Después del cine, confieso que no puedo prescindir de la música nunca, ni siquiera para escribir en las madrugadas que es mi horario preferido por lograr toda la concentración posible, tampoco puedo dejar de leer pues tuve el privilegio de contar en mis primeros años de lector voraz en la biblioteca de Camagüey con personal que me orientó con suma eficiencia y amor. El teatro para mí fue una etapa tan fructífera como obsesionante, pero insisto en el vocablo de efímero, pues durante muchísimo tiempo si no era alguna crítica o foto publicada o la memoria de los asistentes a las funciones, todo el esfuerzo que significaba una puesta en escena desaparecía sin remedio alguno; ahora, por supuesto, existe la posibilidad del video para registrarlas. El teatro te exige todo a cambio de nada, aunque llegar a ese nada sea un proceso extraordinario y pleno de hallazgos. Fíjate si el cine influía tanto en mí que en la última puesta en escena que dirigí, La zapatera prodigiosa, en 1976, introduje una escena de las beatas literalmente tomada de Él de Buñuel, como un homenaje.
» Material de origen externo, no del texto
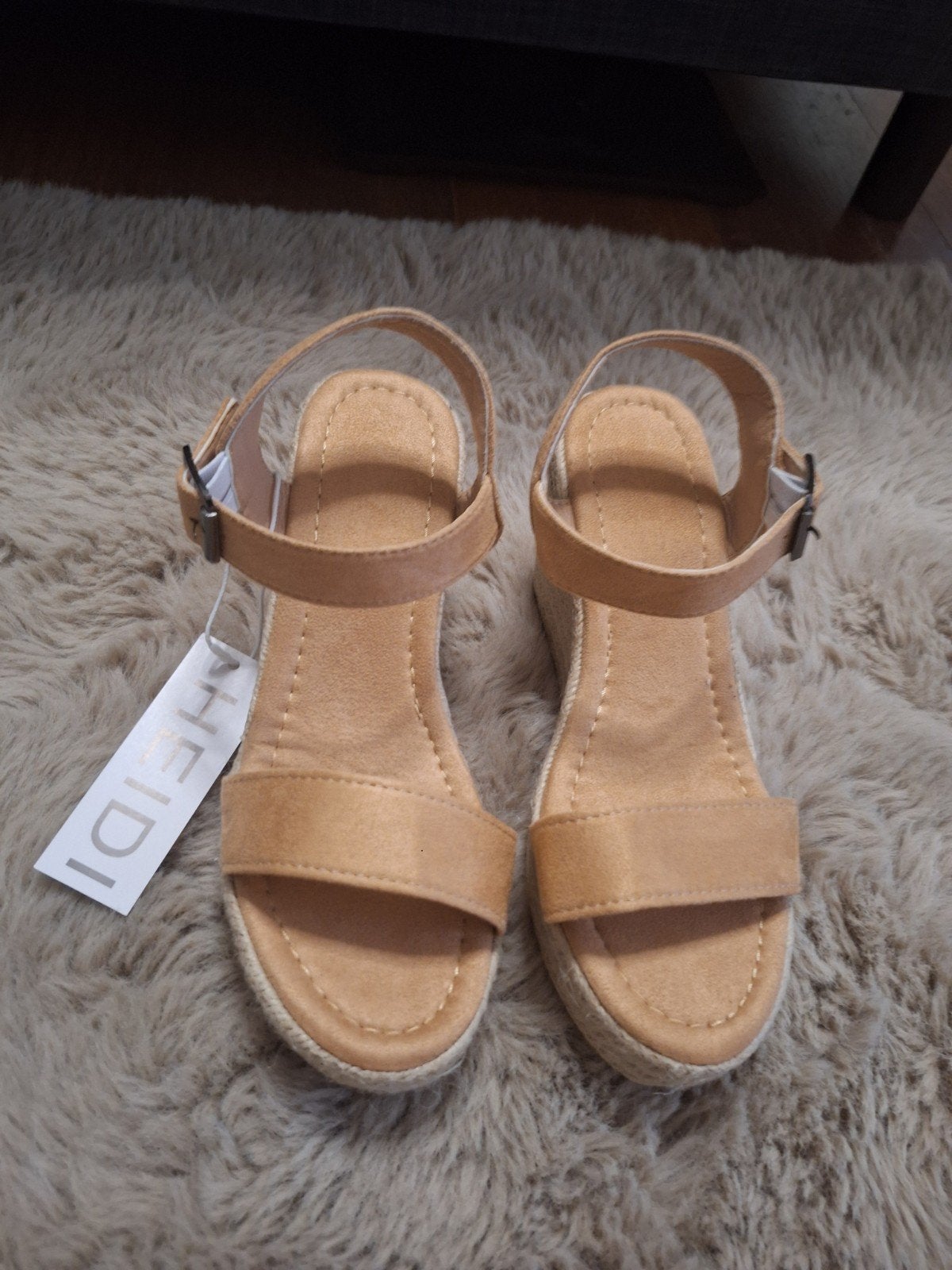 Nieuwe sandalen maat 39, Ophalen, HEIDI, Beige, Nieuw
Al cabo de treinta años de haberlo abandonado abruptamente para desahogar por completo mis inquietudes en este arte total que es el cine, retorné hace unos años con mi propia versión del cuento “El lobo, el bosque y el hombre nuevo”, de Senel Paz, como un unipersonal que titulé No puede ser feliz y que obtuvo un notorio éxito de crítica y de público en las escasas funciones en que se presentó en la Teatro Guiñol Nacional. Pero para llegar a ese montaje, tuve que apelar a las noches al terminar el trabajo en la escuela de cine, viajar a diario a La Habana, madrugar al día siguiente y continuar los fines de semana, fue realmente extenuante e irrepetible. Tengo otros dos proyectos que pienso escenificar algún día: mi versión teatral del filme brasileño Yo sé que te voy a amar, de Arnaldo Jabor, y de El vestidor, de Peter Yates, basado en una pieza original de Ronald Harwood (texto que estoy tratando de localizar). En una oportunidad escribí una adaptación de Romanza de los enamorados, de Andréi Mijalkov-Konchalovski, que fue muy bien recibida en festivales de aficionados.
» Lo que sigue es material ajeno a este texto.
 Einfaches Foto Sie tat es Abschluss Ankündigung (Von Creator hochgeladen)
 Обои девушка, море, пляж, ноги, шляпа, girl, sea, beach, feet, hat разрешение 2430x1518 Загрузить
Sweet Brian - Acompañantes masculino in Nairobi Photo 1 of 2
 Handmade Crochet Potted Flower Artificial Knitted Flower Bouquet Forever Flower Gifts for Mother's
Dirigir cine por supuesto que me ha tentado alguna vez y, de hecho, comencé a escribir un guión sobre El acoso, de Carpentier, pero luego lo abandoné (y luego incluí los fragmentos en mi libro Carpentier en el reino de la imagen). Existen demasiados buenos directores como para intentar debutar a estas alturas y, por demás, no me siento un artista frustrado, esa definición que endilgan generalmente a los críticos.